Hit-and-run driver says she fled in fear

The 25-year-old Kalihi woman who says she hit a 4-year-old girl in a Moiliili crosswalk explained yesterday that she fled the scene because she was too afraid to stop.

Jelleenta James was driving her SUV to church Sunday with her mother, cousin and two young daughters inside when she hit Rikanin Kanto, who was in a crosswalk on South King Street.

James said she didn’t see the girl, but that her mother told her that she had hit someone. James turned around at Beretania Street near the Burger King, but couldn’t bear to stop and went home.

“I feel bad,” she said.

Rikanin was seriously injured in the hit-and-run near Coolidge Street, where she lives. She was crossing the street in the signal-less crosswalk with her family about 3:30 p.m. when some vehicles stopped for them.

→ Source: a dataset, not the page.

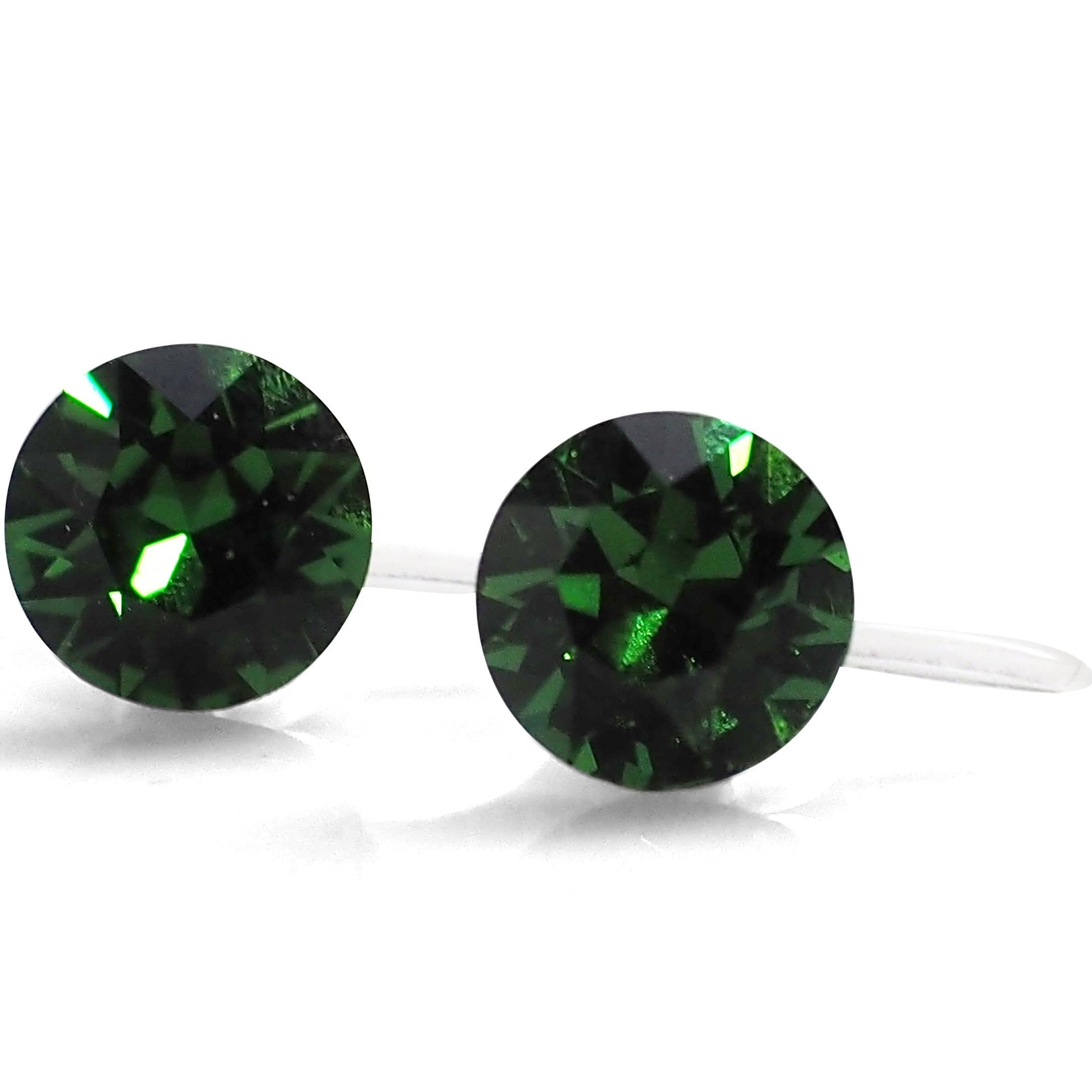 Dark Moss Green Swarovski Rhinestone Simple Invisible Clip On Stud Earrings Miyabi Grace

Rikanin darted ahead and was struck by a sport utility vehicle that drove through the crosswalk and fled. The girl’s family said her leg was broken in the accident.

James was arrested at about 8 p.m. Tuesday at the McDonald’s on Nimitz Highway, where she works, said Honolulu police Lt. David Nilsen. She was booked on a felony hit-and-run offense, but was released pending further investigation, which is standard procedure. Police also seized her Ford SUV and are awaiting a search warrant to examine it, Nilsen said.

James said she feels terrible about the accident and has been having a hard time, continually thinking about the crash. She also thought about finding the girl’s parents.

“I was kind of worried about the kid, if something happened,” she said. “After that I was crying. I tried to go back to help, but I really was scared.”

James, a single mother who came to Hawaii from Micronesia about seven years ago, lives with her mother, cousin, sister and two daughters in their ground-floor apartment. She is the only one who works and pays the rent in the home, and she hopes she can return to work. She worries about what will happen to her daughters, who are 3 and 6.

“I’m not the kind of person to do something bad,” she said.

“I’m really scared about what happens next,” she continued. “I’d like to apologize to them. I want to talk with her parents. I’m really sorry about what happened.”

Police said a witness was able to provide a license plate number that led them to the suspect.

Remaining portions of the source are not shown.